TASK STATEMENT: Write out the full set of records exactly. Any pictures in them do not belong in the copy.

Captioned web image data:
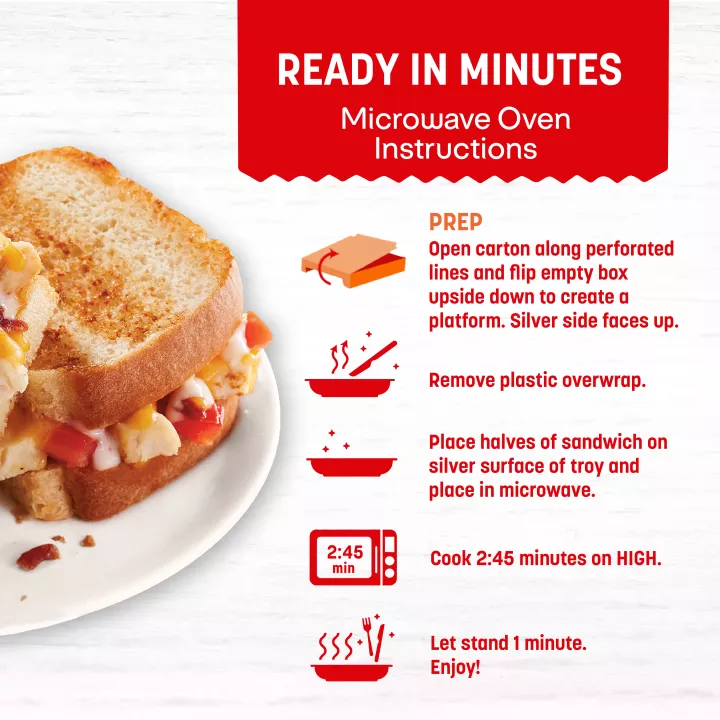 Chicken Club Sandwich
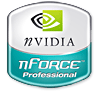 Логотип nForce Professional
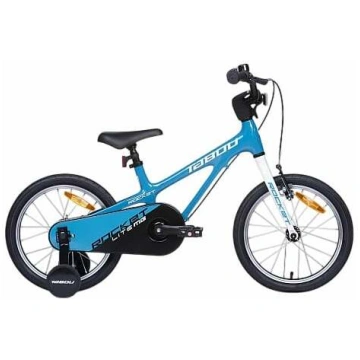 Bērnu velosipēds, bērnu Tabou Rocket Lite MG, zila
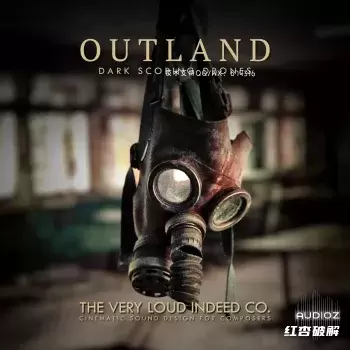 包含100个富含表现力的电影氛围音效库插图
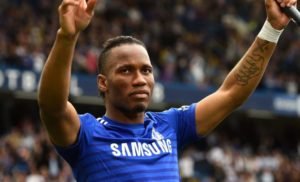Drogba Presidente UEFA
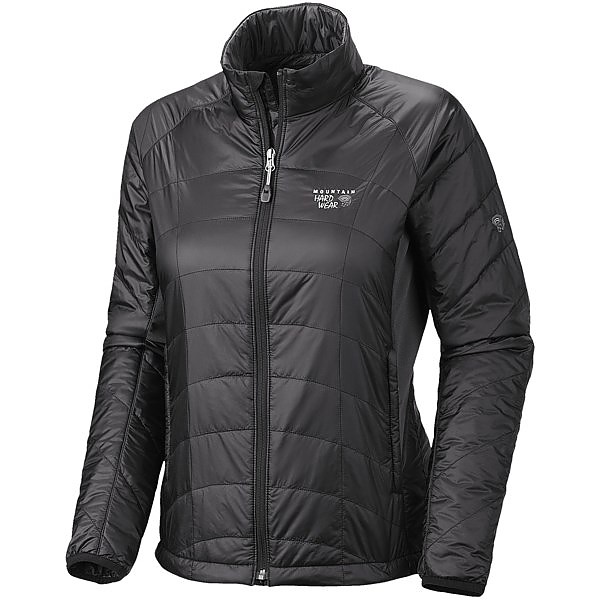 photo: Mountain Hardwear Women's Zonal Jacket synthetic insulated jacket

RESULT OF THIS EXERCISE:
 Chicken Club Sandwich
 Логотип nForce Professional
 Bērnu velosipēds, bērnu Tabou Rocket Lite MG, zila
 包含100个富含表现力的电影氛围音效库插图
Drogba Presidente UEFA
 photo: Mountain Hardwear Women's Zonal Jacket synthetic insulated jacket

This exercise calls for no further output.